The Thanksgiving holiday, the meal, didn't matter to me until I started working at Food52 and even now, it only matters to me because it matters to others. It’s Food52’s championship game, but I’m a hired recruit. My nuclear family has never hosted a Thanksgiving, and the day was never about cooking—or eating, either.
It was about scrounging enough food to add up to dinner for this picky vegetarian (that is, stocking up on rolls and mashed potatoes). It was about long car rides to New Jersey, Billy Joel on cassette, and annual coerced hugs with a relatives I was never quite sure were relatives, or how. It was about hours in traffic and at the kids table and on the couch rather than in the kitchen with my mom, crimping umpteen pies or blooming gelatin for Grandma’s old-timey jello.
My mom has never crimped a pie crust; my grandma’s limited set of specialties includes nothing as charmingly eccentric as a jello mold.
I don't think we cooked anything. I imagine we brought a gift for the hosts.
Once we stopped going to my second cousins’ and, strangely yet wonderfully, traded in the four-hour turnpike crawl for a twenty-minute drive down a two-lane road to my boyfriend’s family’s house (yes, my whole family goes to my boyfriend’s family’s for Thanksgiving), cooking existed, but it was haphazard and low-maintenance.
The four times our families have celebrated Thanksgiving together, we’ve cobbled together something different. Adam’s mom will make turkey, sweet potato casserole (a hybrid of recipes she’s found on the internet), and some sort of dish with wild rice. And then sometime on Thursday afternoon, Adam and I will make our own assortment of random vegetarian dishes (it’s a cook-what-you-eat sort of affair, in that sense), with no particular reason beyond vague desire.
I know that one year we made Alon Shaya’s roasted cauliflower (how could I forget watching my parents try to figure that one out). I can believe that we onced stuffed mushrooms and that another time I brought yeasted rolls, which competed with the frozen ones from Wegman's.
When I asked Adam if he could remember anything in particular, he said “some type of roasted sliced tomatoes, I think” (yes, tomatoes in November) and “I’m guessing we made brussels sprouts one year because I kind of remember my dad being grossed out by them.”
As for my family, my mom usually arrives toting a dessert I made but am forcing her to take credit for, too embarrassed that it’s overdressed for the occasion. The only constant is that I pick something that’s way more complicated than necessary and then fail to execute it well.

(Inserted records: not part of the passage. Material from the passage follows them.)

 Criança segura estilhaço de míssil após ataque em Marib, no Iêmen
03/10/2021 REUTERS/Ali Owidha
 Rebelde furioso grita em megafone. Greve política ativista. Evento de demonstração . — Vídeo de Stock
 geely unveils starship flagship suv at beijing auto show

And that whatever I make, my boyfriend’s dad declares it “the best he’s ever had." Then we all forget about it until next year's Thanksgiving meal conversation.
It's fine. It's good. It's fortunate. It's something to be grateful for.

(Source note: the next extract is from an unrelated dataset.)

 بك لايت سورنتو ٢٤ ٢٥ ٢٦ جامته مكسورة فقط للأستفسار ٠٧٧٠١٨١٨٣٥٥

Yet when I hear tales of 80-person leftover feasts, of intergenerational stuffing feuds, of day-long pie-making marathons with Grandma, of father-daughter turducken, I can’t help but wonder if I’m missing out. My house doesn’t smell like turkey from Wednesday morning to Saturday night (I’ve never even tasted turkey!). Some of our pies come from the grocery store.
Thankfully, this fear of inadequacy eases, quickly, into relief. For this control freak, my expectations for Thanksgiving are, shockingly, reasonable. And the pressure’s off. It’s nice to cede to the eccentricities of someone else’s family, to their kitchen quirks (knives in the dishwasher) and food tendencies (zucchini in November).
With longstanding traditions to maintain, no risk of messing them up, and no fellow food writers to impress, it’s one of the few days I can let go of some control, confident that no matter what happens, we can—and we will—try something new next year.
So it's not the most important meal—or the most important day—of the year: The dressing will be bland; there may be anemic supermarket tomatoes on the table; the cake I (make my mom) bring will try way too hard and fail, sympathetically. The menu will be random. This year, we're making Thomas Keller's bread pudding just because we tried it a few weeks back and loved it. And while I normally I spend every Friday afternoon obsessing over what to bake that weekend, I chose what I'm going to bring to Thanksgiving at 2 A.M. a few days ago: It's a pear custard tart I saw on Pinterest.
The crust may be soggy and the pears too sweet, but I think Adam's dad will proclaim it the best pear custard tart he's ever tasted (and I'll be inclined to believe him).